-- Data records follows --

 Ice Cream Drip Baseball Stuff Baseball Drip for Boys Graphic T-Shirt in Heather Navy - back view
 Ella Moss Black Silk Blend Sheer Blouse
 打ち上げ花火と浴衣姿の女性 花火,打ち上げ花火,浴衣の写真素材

-- Data records concluded --
-- Data records follows --

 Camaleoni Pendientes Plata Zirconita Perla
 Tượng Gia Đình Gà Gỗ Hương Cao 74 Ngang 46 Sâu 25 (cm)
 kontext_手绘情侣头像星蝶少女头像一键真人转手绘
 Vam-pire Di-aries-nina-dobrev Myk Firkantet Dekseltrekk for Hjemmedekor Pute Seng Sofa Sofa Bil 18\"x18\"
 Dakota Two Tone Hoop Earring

-- Data records concluded --
-- Data records follows --

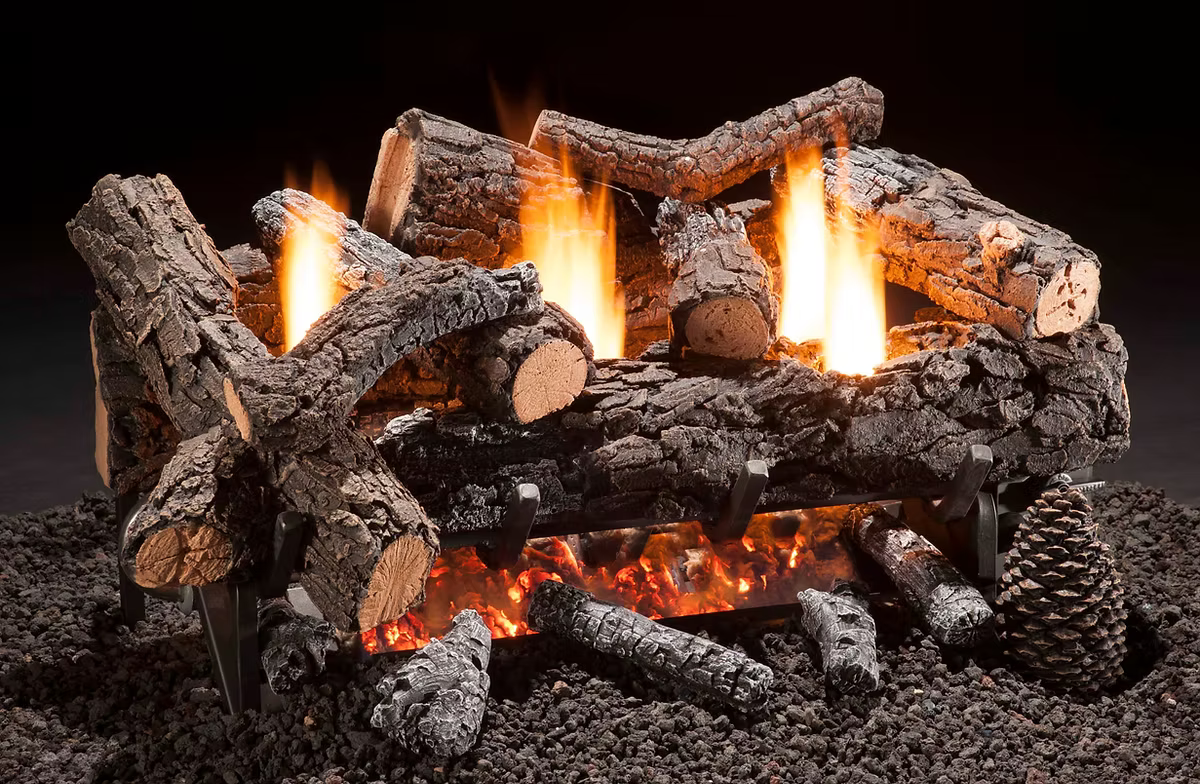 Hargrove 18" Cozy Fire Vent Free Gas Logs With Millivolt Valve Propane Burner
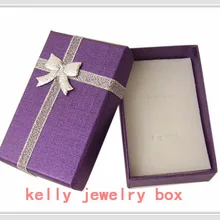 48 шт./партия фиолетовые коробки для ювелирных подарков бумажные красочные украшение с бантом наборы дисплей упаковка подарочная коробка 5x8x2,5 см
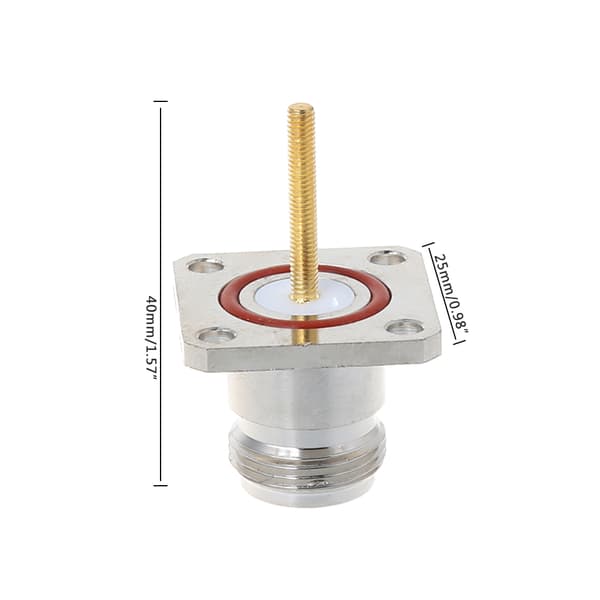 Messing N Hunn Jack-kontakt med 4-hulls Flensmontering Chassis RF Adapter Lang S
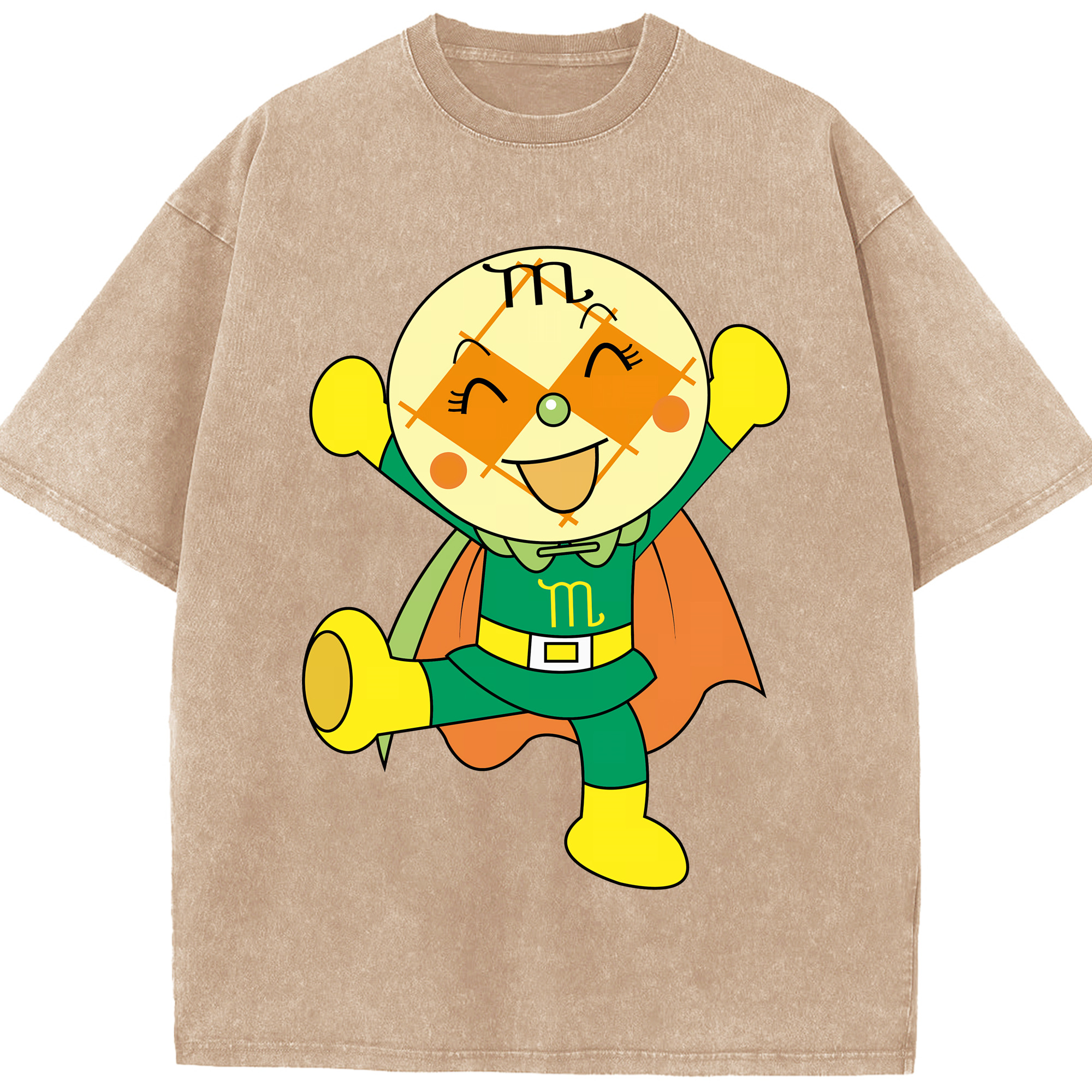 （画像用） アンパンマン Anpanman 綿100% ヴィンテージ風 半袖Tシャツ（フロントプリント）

-- Data records concluded --

Output the material above exactly, but only from the line that carries "kontext_手绘情侣头像星蝶少女头像一键真人转手绘" through the line that carries "Dakota Two Tone Hoop Earring".

== Solution to the exercise ==
 kontext_手绘情侣头像星蝶少女头像一键真人转手绘
 Vam-pire Di-aries-nina-dobrev Myk Firkantet Dekseltrekk for Hjemmedekor Pute Seng Sofa Sofa Bil 18\"x18\"
 Dakota Two Tone Hoop Earring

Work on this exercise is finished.